The sunshine spread a carpet,
And every thing was grand;
Miss Weather led the dancing;
Professor Wind, the band….
The sight was like a rainbow
New-fallen from the sky….
~George Cooper (1840–1927), “October’s Party,” c.1887
There is perhaps nothing quite as magical as the transition from the summer heat that seems to wane on well past its welcome into the brisk breezes that catch you off guard as nature reassures you that time and space is always moving forward. The leaves are falling, the smell of the air is changing and it is clear that the curtains are coming to a close on the sweltering days and perfect nights of Summer. Behold, Fall has a pageantry unlike any other as colors, smells and sounds all come together to immerse the senses in an array of experiences. Fall is the curtain call, the “Tossing of Boquets of Roses” onto the stage of life to honor the year’s performance before Winter comes along to lock the doors and reset the stage for another show.

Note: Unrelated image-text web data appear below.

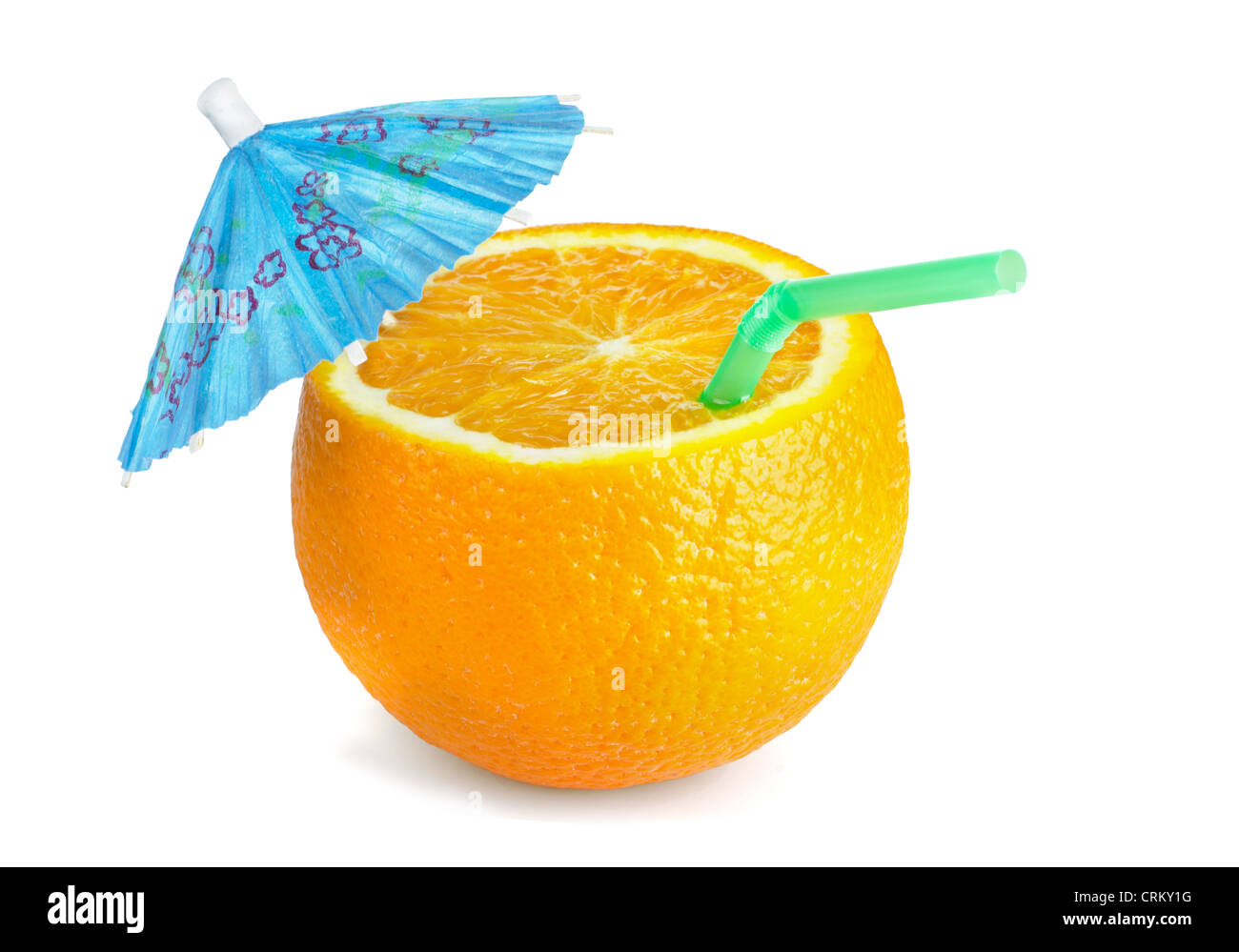Arancione con cannuccia per bevande e cocktail di carta ombrello isolato su bianco Foto Stock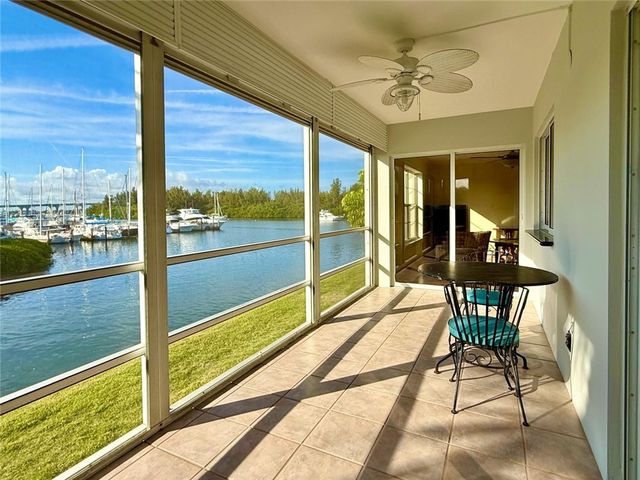 200 Greytwig Road 212, Vero Beach, FL 32963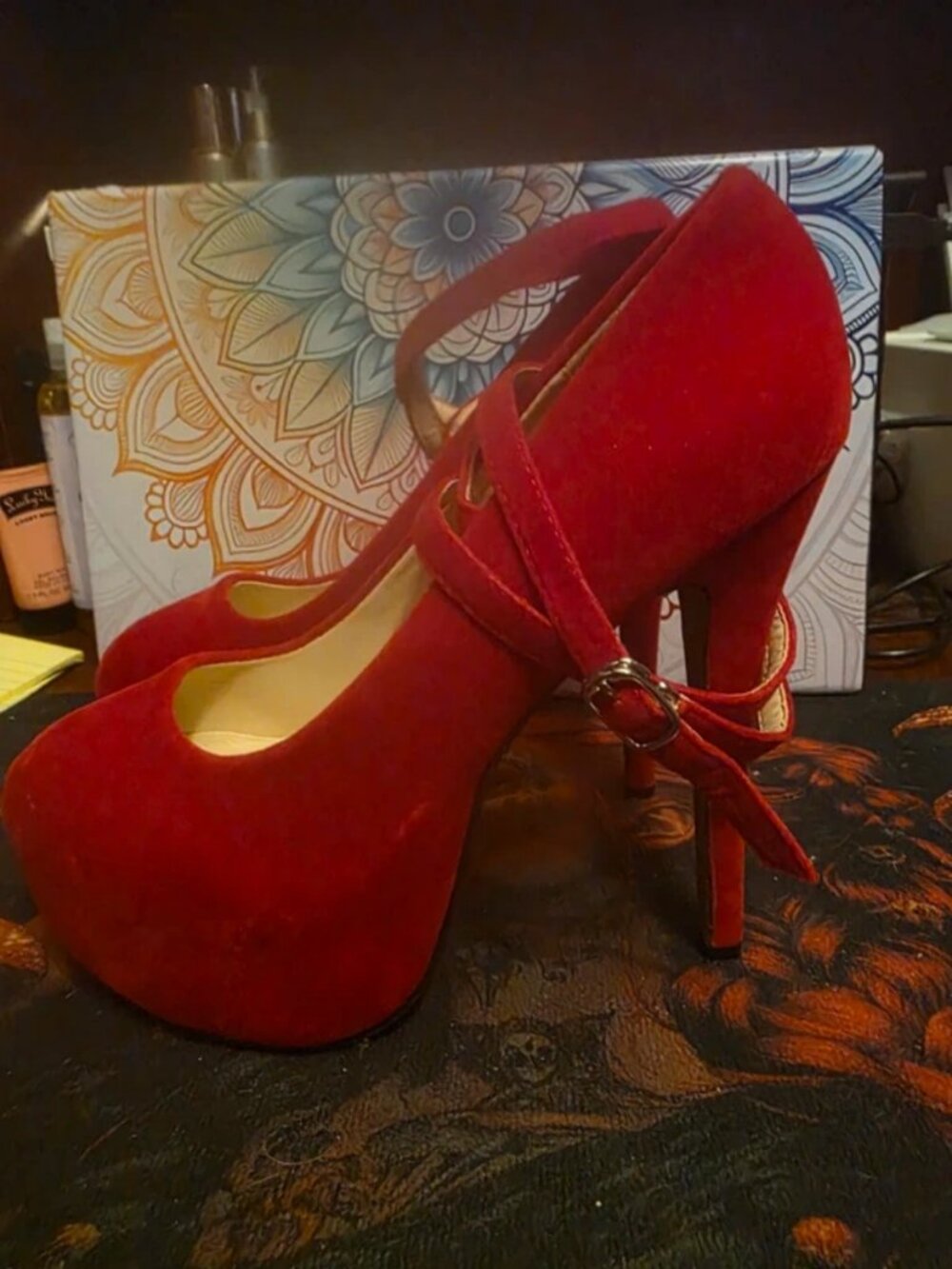 Red heels - Picture 5 of 5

It would seem that there is nothing more human than being in a constant state of change and transition; Some people embrace change and others resist it, but it is inevitable nonetheless. As calendar seasons blend from one to another so do the seasons of life as we age from child to teen and finally to adult. For us personally, no season is more strikingly contrast to the others as fall. The thaw of winter into spring and the incremental growth in warmth from spring into summer both seem gradual and natural, but the sudden and very appreciated cooling of summer into fall is a welcome respite that seems to come just in time. Even though fall descends eventually into the cold of winter, fall is the brisk breeze that juts through an open door unexpectedly.
Most iconic of the season is the pumpkin, the humble squash that dwarfs all of its relatives in size and prominence. Pumpkins are indigenous to the western hemisphere and have historical record dating back to at least 1584 when French explorer Jacques Cartier explored the St. Lawrence region of North America and reported finding “Pompon”, which is the French Translation of the original Greek word “Pepon”. The English changed “Pompon” to “Pumpion” and the American colonists changed “Pumpion” into the word we all now know as “Pumpkin” . It is believed that the origin of pumpkin pie came from when the colonists sliced the top off the pumpkin, removed the seeds, and then filled it with milk, spices and honey for flavoring. The pumpkin was then baked in the hot ashes of a dying fire until the insides were tender and delicious! Pumpkin was introduced to the settlers by the Native Americans, along with most everything else, who used this famous squash for many purposes beyond just food, as was true to their nature and ingenuity as a people. Native Americans were known to cook and dry strips of Pumpkin and weave them into mats to use around their homes.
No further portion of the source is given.